Я сейчас очень коротко на этом остановлюсь. Здесь без нажима, без ничего дана вся тема и структура времени у Пруста. Я приведу вам смысл этой темы, перекинув вас одновременно и на другой пример у Пруста, потому что там есть некоторые словосочетания, которые нам важны для проблемы впечатления. Есть такая тема, на которую, кстати, даже психоаналитики обратили внимание (но довольно банальным образом; в том числе Манони, ученик Лакана, который много писал о литературе с психоаналитической точки зрения, обратил внимание на эту тему у Пруста). Ее условно можно назвать темой «сад Женщины». Сад Женщины – это Булонский лес, который для Пруста населен впечатлениями юности, то есть впечатлениями аллей, по которым в прекрасных колясках медленно проезжают красавицы Парижа. Потом, через энное число лет, он смотрит на этот лес и видит, как он выражается: «Лес, как лес». «Озеро, как озеро»[159]159
  См.:Sw. – p. 421.


[Закрыть]
. Здесь очень глубокое, связанное с проблемой времени наблюдение относительно того, как работает наше восприятие. То есть, что является для нас впечатлением, а что не является таковым. Оказывается, впечатлением для них является то, во что вложены «gisementes profonds de mon sol mental»[160]160
  См.:Sw. – p. 184.


[Закрыть]
. Отложения моей ментальной, или духовной, или душевной почвы. То, что запечатлелось, прозвучало какой-то нотой, требующей расшифровки, – потом, когда ты встречаешь, скажем, цветок, ты способен воспринять его как цветок. То есть взволноваться, увидев цветок. Помните, я говорил вам: от чего мы волнуемся и от чего не волнуемся? По отношению к чему полна наша душа, а что оставляет нас пустыми и холодными? Можем ли помыслить, захотев помыслить, или не можем? Ведь красота цветка должна нас волновать, а не волнует. Или волнует. Но раз она может волновать или не волновать, то это уже проблема, – ведь красота цветка одна и та же. Или: качество женщины, на свидание с которой стремишься, а пришел – скука смертная. В чем дело? Мы же присутствуем с предметом, а вот работает sol mental – отложение душевной почвы.

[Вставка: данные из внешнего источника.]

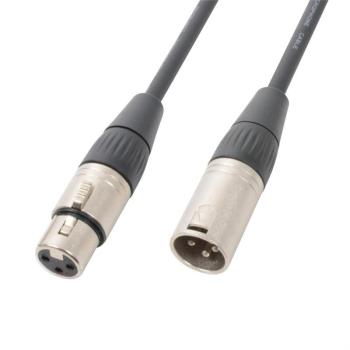 PD Connex DMX kábel, 3 pólusú XLR-csatlakozó, anya-apa, 120 ohm, 0,75 m kép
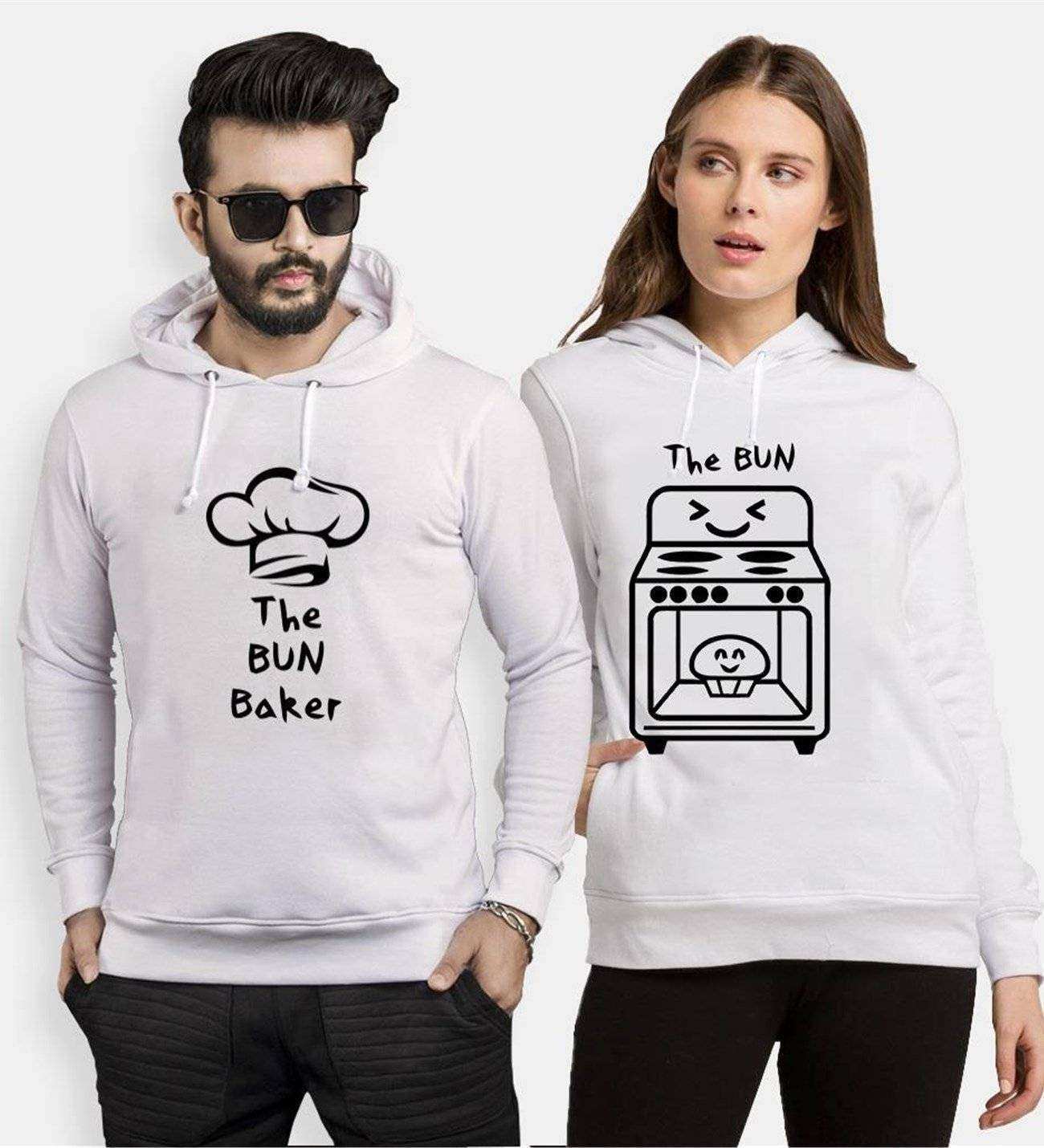 Tshirthane The Bun Baker Sevgili Kombinleri Kapüşonlu Çift Kombini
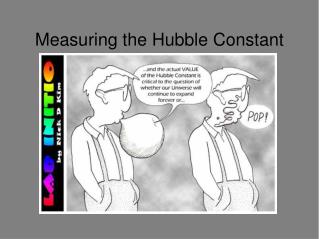 Measuring the Hubble Constant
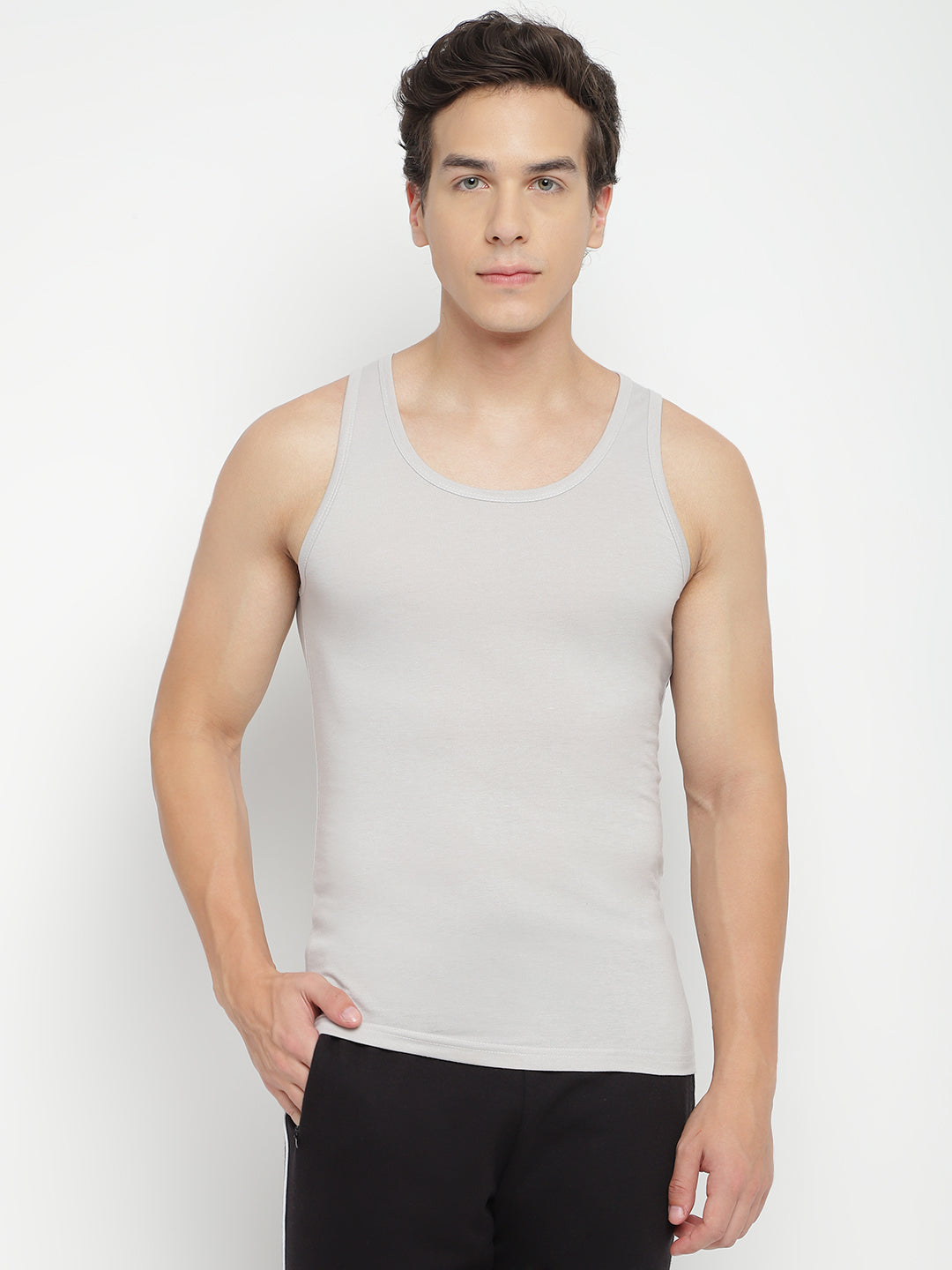 La Intimo Men's Regular Vest - Single Pack, Comfortable and Premium Innerwear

Оно, во-первых, связывает во времени разные события поверх времени и пространства – эти события могут быть разделены в рамках хронологического времени, но связаны в этом времени. В каком-то внутреннем времени. Значит, мы имеем проблему внутреннего времени. Во-вторых, структура времени есть структура возможного нашего восприятия, или впечатления. Лес как лес не волнует, а волнует «сад Женщины». То есть я способен воспринять красоту любого озера, если это не просто озеро, которое я вижу. Если за ним стоит проработавшаяся структура, – она соединит мою голову и мою способность волноваться, мою способность воспринять с воспринимаемым предметом. Не сам предмет на меня подействует; этого нет – так мы не устроены. Я представляю себе прекрасную женщину – оказывается, чтобы взволноваться прекрасным, недостаточно этой идеи и недостаточно присутствия самого предмета. Сам предмет, как Пруст говорит: озеро как озеро (а я скажу: женщина как женщина), лес как лес. Птицы пролетали над этим озером, как над любым другим, и ничего не вызывали в душе. А – что вызывается или не вызывается в душе, нам важно, потому что вся наша проблема – полнота душевной жизни. Проблема присутствия. Как присутствовать в какой-то момент или в любой момент со всей полнотой нашей способности понимать, переживать и волноваться (то есть присутствовать можно) – это и называется присутствовать. Но чаще всего мы, присутствуя, – отсутствуем. Значит, перевернем – то, о чем мы говорим и что Пруста заинтересовало, это есть законы присутствия. Потому что, повторяю, мы чаще всего, присутствуя, отсутствуем. Но по каким связкам и как завязывается наше присутствие – это интересно.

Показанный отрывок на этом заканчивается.